The actors do their best with what they've got, but frankly, what they've got isn't all that much. Tom Felton, aka Draco Malfoy, pretty much appears to be playing an American version of his most famous role, only taking his wizard angst out on apes instead of Gryffindors. Andy Serkis, as lead Apelord Caesar, reprises his role as CGI creature of the year - if you thought it wasn't possible to be typecast as an effect, think again - although, you won't hear Serkis complaining, seeing as in his pre-LOTR days the highlight of his career was a bit part in a little known Poliakoff drama. James Franco is not up to his usual standard, although you can see he really is trying to be; he just doesn't quite get there.
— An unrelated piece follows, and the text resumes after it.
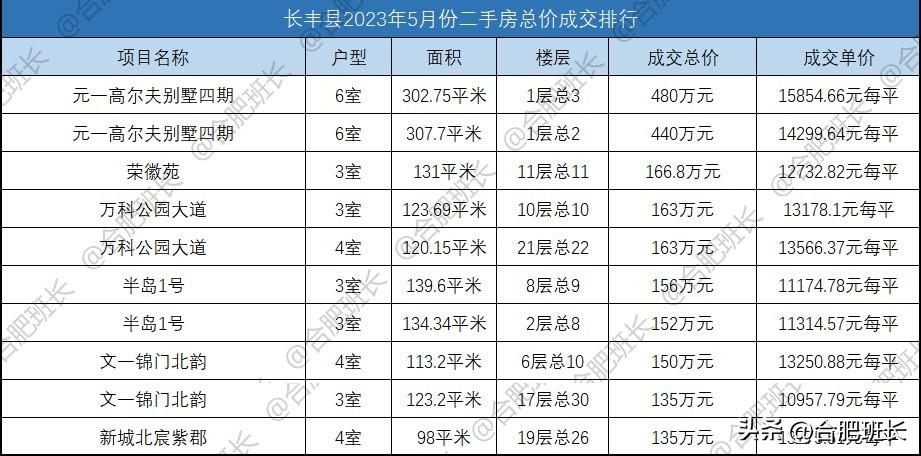 华地森林语最新房价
In the end, the CGI itself steals the show.

There are a few nice allusions to the classic 1970s original, including the obligatory 'get your stinking paws off me you damn dirty ape', but unfortunately the film makes itself just a shade too ridiculous, especially with the whole 'Caesar learning to talk' thing which, as Sophie Rickard pointed out, would really be quite impossible on any level within the context of the film. The drug given to these apes in order to make them super-intelligent is neurologically based, and therefore could not possibly cause vocal chords to develop in such a way that would allow an ape to speak. However, you could argue that because Caesar was not in fact given the drug but was born with it as part of his genetic make-up after it had been given to his mother, then he could feasibly have developed the physical capability of speech, but frankly that's a massive stretch, and rather more geeky and obsessive than this film deserves considering its many flaws.

Plus, the ending is mawkish and anti-climactic. The only reason to go and see this film is if you're in the mood to see apes wrecking up San Francisco and beating the shit out of humans during a pitched battle on Golden Gate Bridge. Fairly amusing and interesting to look at, but you'll only ever need to see it once.